We have a lot more information about the new building of 1780. Each inmate had their own bed-sit, with an open fireplace as the only cooking facility.
This example is from the Geffrye Museum's reconstruction of their own almshouse rooms which are exactly contemporaneous with ours. This one fits in a remarkable way the blocked-up and boarded fireplace I am looking at as I type. We can see that it is more than a simple hearth; but there was no oven. And there was no water supply in the rooms. All water had to be fetched from the bathrooms or the laundry room.We must assume that the residents had to buy all their food rather than having any produced on the site. However, a snippet of news from 1884 reports the theft of a hen belonging to the Matron. It is tempting to think that there was a chicken coop in the grounds, with the Matron of the time, Jane Burn, selling her surplus eggs.
When new "rooms" i.e. additional buildings were put up during the 19th century they followed the pattern of the existing buildings. Nothing changed.
Intriguingly, I found a single reference to "small ranges" being removed. At some point at the end of the 19th century or the start of the 20th some or all of the fires were replaced with cooking ranges along the lines of the one pictured. These would at least have provided an oven. But for some reason they were not kept for long. It was back to the old open fires.

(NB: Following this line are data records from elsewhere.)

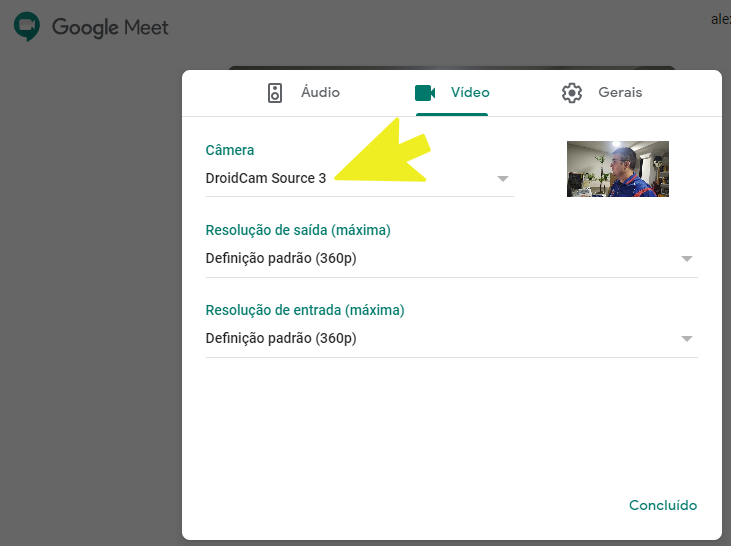 Interface de configurações do Google Meet em um computador, com uma seta amarela apontando para a seleção da câmera "DroidCam Source 3".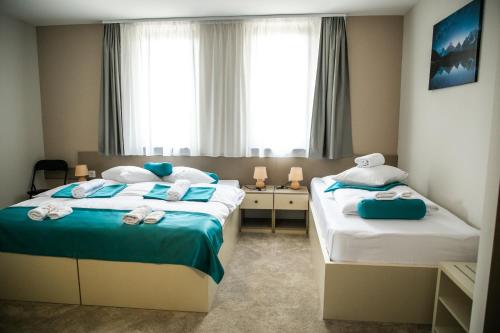 um quarto de hotel com duas camas com toalhas em Garni Hotel IMPERIUM Subotica em Subotica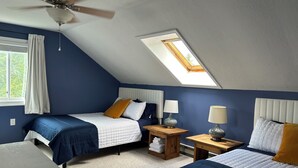 A bedroom with two beds, a ceiling fan, a skylight, and a small wooden nightstand with a lamp.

Space for food storage was obviously limited, and it restricted what residents would have eaten and how they would have shopped. Milk would not keep for long, bread would go stale quickly, and meat and fish (when they could afford it) would be bought within 24 hours of it being cooked. In that respect the Charterhouse residents were in no worse position than the rest of population. But the situation persisted here long after kitchen equipment had improved in the outside world. It was not until 1960 that the trustees decided that improvements to the living conditions at the Charterhouse were urgently needed. In a "modernisation" which effectively halved the number of people who could be accommodated, the single rooms were converted into two-room flatlets, a bedroom and a living-room. Crucially, the living-room now had a sink and tap, and an electric socket. Many of the residents used the alcove next to the fireplace as a mini-kitchen, buying a famous cooker of the day, a Baby Belling.
Equipped with these little cookers, a growing number of residents sought permission to have the fireplaces removed and replaced, at their own expense, with electric fires. I have met people who, as children, visited their grandparents here and tell of the cosiness of the flats and the satisfaction of the residents.